May 21 (UPI) -- The U.S. Supreme Court Thursday ruled against four major cruise lines who docked ships at the Port of Havana.

Carnival, MSC, Royal Caribbean and Norwegian operated cruises to Havana from 2016 to 2019 and used the docks to land there illegally, according to the complaint. The decision reinstates a $440 million judgment against them, but it allows them to use new arguments in lower courts.

The Court decision was 8-1, with only Justice Elena Kagan dissenting. The decision doesn't decide the case but allows the litigation to continue.

The companies are alleged to have violated the Helms-Burton Act of 1996, which allows Americans to seek damages against anyone who "traffics in" property seized by Fidel Castro's regime in the Cuban Revolution in 1959. The law also allows former Cubans who later gained U.S. citizenship to sue.

Havana Docks, the company that built the docks in 1905, had a 99-year legal right to operate the Port of Havana before it was confiscated soon after Castro took over. The company sued the cruise lines over the trips and won the $440 million. But an appeals court wiped the award because it was past the 99-year term.

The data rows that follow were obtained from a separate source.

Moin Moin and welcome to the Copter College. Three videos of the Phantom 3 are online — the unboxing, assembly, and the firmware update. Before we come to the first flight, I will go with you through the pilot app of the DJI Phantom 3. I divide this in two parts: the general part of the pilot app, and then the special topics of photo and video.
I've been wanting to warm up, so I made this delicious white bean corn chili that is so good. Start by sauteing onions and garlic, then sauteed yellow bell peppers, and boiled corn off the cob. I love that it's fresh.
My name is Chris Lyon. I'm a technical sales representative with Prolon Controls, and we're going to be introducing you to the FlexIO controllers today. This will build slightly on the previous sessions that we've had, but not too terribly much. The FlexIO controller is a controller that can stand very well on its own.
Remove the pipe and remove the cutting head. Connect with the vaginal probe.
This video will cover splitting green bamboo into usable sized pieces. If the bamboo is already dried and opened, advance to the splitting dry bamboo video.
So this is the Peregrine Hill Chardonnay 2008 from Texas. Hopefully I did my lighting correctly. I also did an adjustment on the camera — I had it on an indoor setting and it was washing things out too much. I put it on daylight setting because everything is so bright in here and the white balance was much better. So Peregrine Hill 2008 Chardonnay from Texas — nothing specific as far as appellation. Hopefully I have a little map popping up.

"We disagree," Justice Clarence Thomas wrote for the majority. "The Act generally makes those who use property tainted by a past confiscation liable to any United States national who owns a claim to that property."

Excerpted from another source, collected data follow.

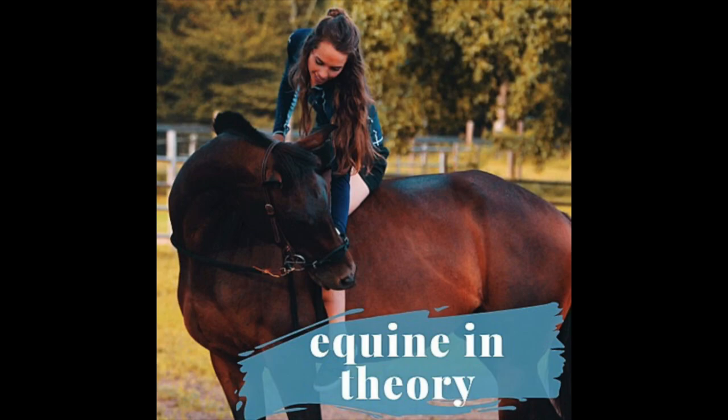Hi guys, it's Jill, and welcome back to the Equine in Theory podcast. Thank you for tuning in. This week's episode is going to be on hip targeting, why it's useful, how I taught it, and some troubleshooting.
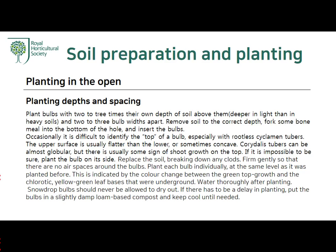The upper surface is usually flatter than the lower, or sometimes concave. Corydalis tubers can be almost globular, but there is usually some sign of shoot growth on the top. If it is impossible to be sure, plant the bulbs on their side. Replace the soil, breaking down any clods, and firm gently so that there are no air spaces around the bulbs. Plant each bulb in the green individually at the same level as it was planted before, indicated by the color change between the green top growth and the chlorotic yellow-green leaf bases that were below ground.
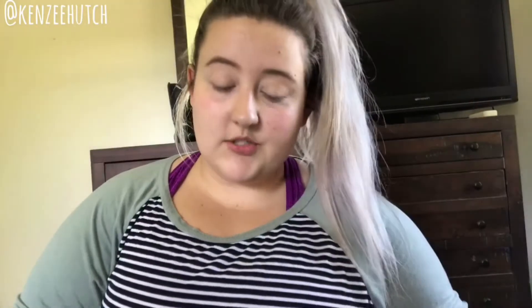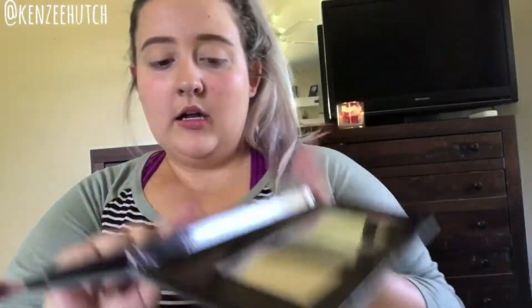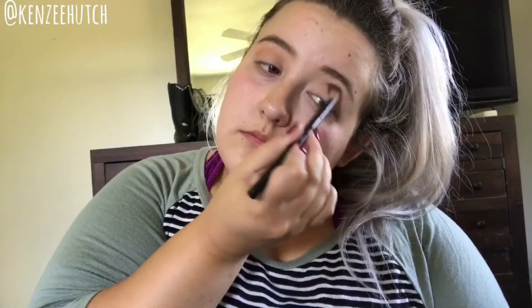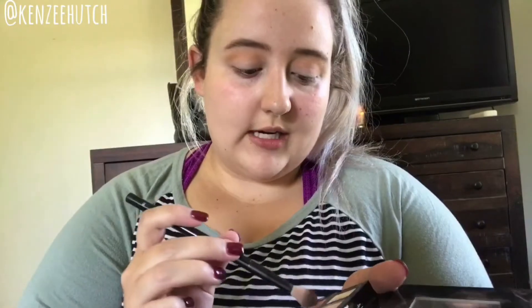I'm gonna be doing today's look with my new favorite — Subculture — that should not be any kind of shock to any of you guys by now. I'm just gonna take a crease brush and go in with the shade New Wave first. I'm creating kind of like a copper look. I do this look actually like all the time, every day before I go to work, and I get a lot of compliments on it, so I figured why not film it. Next I'm gonna be going in with Roxy and taking a little bit in the crease and putting it on both sides of my lid.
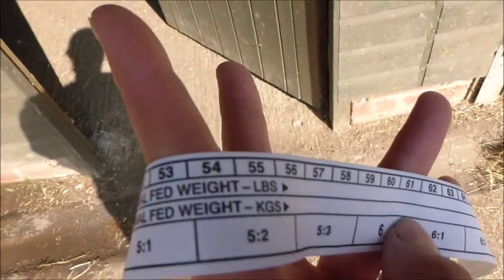I'm going to use the bottom line, which is kilograms, and I'll show you how to do it.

"Havana Docks has shown that the cruise lines used confiscated property in which Havana Docks had a property interest and to which it owns a claim," Thomas added.

Kagan wrote in her dissent that the expiration of the agreement matters.

"What Havana Docks owned was only a property interest allowing it to use those docks for a specified time. And that time-limited interest expired in 2004 -- more than a decade before the cruise lines ever used the docks," Kagan wrote.

Congress passed the Helms-Burton Act, written by then-Sen. Jesse Helms, R-N.C., and then-Rep. Dan Burton, R-Ind., after Cuba shot down two unarmed civilian planes in 1996, flown by Cuban exiles from Miami.

On Wednesday, the U.S. State Department formally charged former Cuban President Raúl Castro for allowing the shooting of the aircraft operated by Brothers to the Rescue, a Cuban-American exile organization. The indictment also included other Cuban military officials: Emilio José Palacio Blanco, José Fidel Gual Barzaga, Raúl Simanca Cárdenas, Luis Raúl González-Pardo Rodríguez and Lorenzo Alberto Pérez-Pérez.

Cruise ships were allowed to take Americans to Cuba from 2016 to 2019 after then-President Barack Obama relaxed travel restrictions for U.S. citizens. The restrictions were tightened again in 2019. In 2021, the State Department redesignated Cuba as a state sponsor of terrorism during President Donald Trump's first term in office.